SuspiciousFeb 25, 2026, 11:54 AM

Verdict: suspicious
Confidence: medium
Model: gpt-5-mini
Summary: The skill's instructions match a crypto gambling service (so behavior is coherent) but the source/homepage are unknown and it directs the agent to register, store an API key, and deposit real cryptocurrency — which carries financial risk and warrants extra caution.
Guidance: This skill is coherent with a crypto gambling service, but exercise caution before installing or using it: 1) Verify the external service (agent.rollhub.com) independently — the registry entry lacks a homepage/source so confirm it's legitimate (look for TLS certificate, reputation, official docs). 2) Never give your primary wallet/API keys to an agent you do not fully trust — use a throwaway wallet with minimal funds for testing. 3) Understand the irreversible financial risks: depositing crypto sends real money to an external address. 4) Check legal/regulatory implications in your jurisdiction. 5) If you must use it, restrict permissions, rotate keys, and avoid allowing autonomous agents to manage funds without explicit, narrow authorization. 6) Verify the 'provably fair' proofs returned by the service before relying on them, and be wary of affiliate/referral incentives that may encourage broad distribution.

Review Dimensions

Purpose & Capability: noteThe name/description and SKILL.md consistently describe a provably-fair crypto gambling API (register, deposit, bet, verify, withdraw). Required resources (none declared) are consistent with an instruction-only integration. However, the registry metadata shows no homepage or source, so the external service's provenance is not verifiable from this package.
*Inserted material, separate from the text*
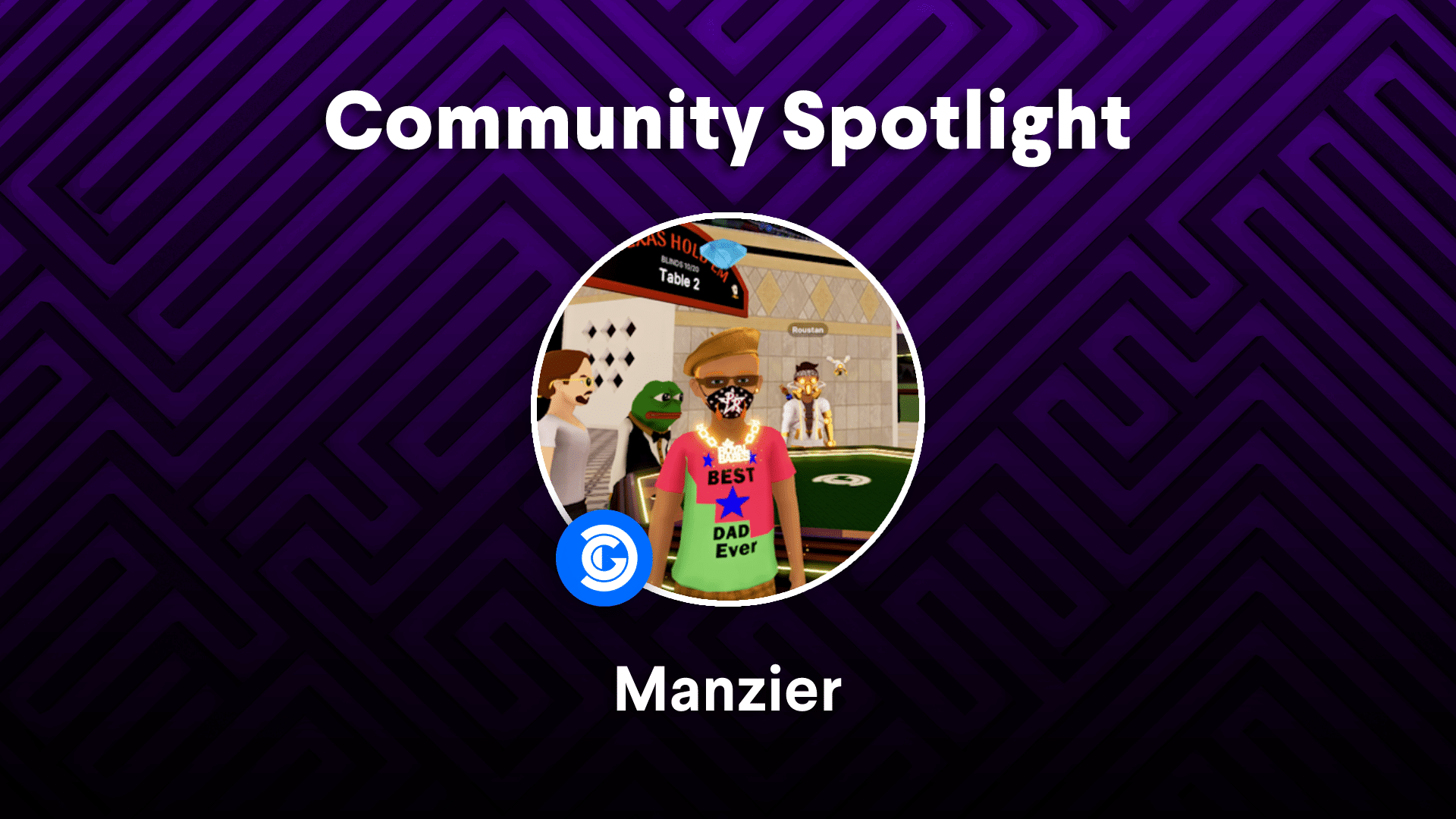 Decentral Games Community Spotlight: Manzier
Instruction Scope: noteAll runtime instructions are network calls to https://agent.rollhub.com and concern registration, depositing crypto to an address, placing bets, verifying bets, and withdrawals. The instructions do not request reading local files or unrelated env vars. Because these steps involve irreversible monetary transfers and saving an API key, they have higher real-world risk even though they stay within the stated gambling scope.
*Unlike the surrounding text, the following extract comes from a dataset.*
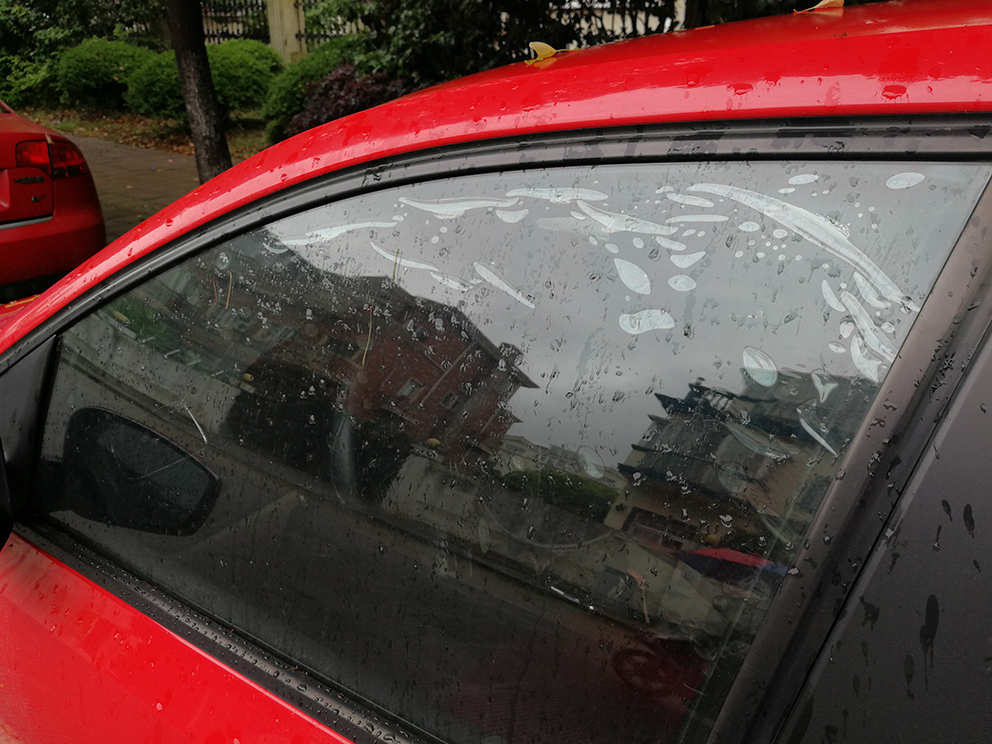 劣质车膜的危害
Install Mechanism: okNo install spec and no code files (instruction-only). This minimizes on-disk execution risk; the skill's actions are limited to HTTP calls described in SKILL.md.
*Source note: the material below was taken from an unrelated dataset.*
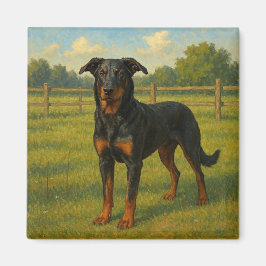 Imán Beauceron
Credentials: okThe skill declares no required environment variables or credentials. The SKILL.md instructs obtaining and storing an X-API-Key returned by the service, which is expected for a remote API. There are no unexplained requests for unrelated credentials or system config.
Persistence & Privilege: notealways:false (no forced presence). Model invocation is permitted (platform default). If an agent were given the service API key, it could autonomously place bets and move funds — a significant capability. This is a property of the platform rather than the skill, but combined with the financial nature of this skill it should be treated carefully.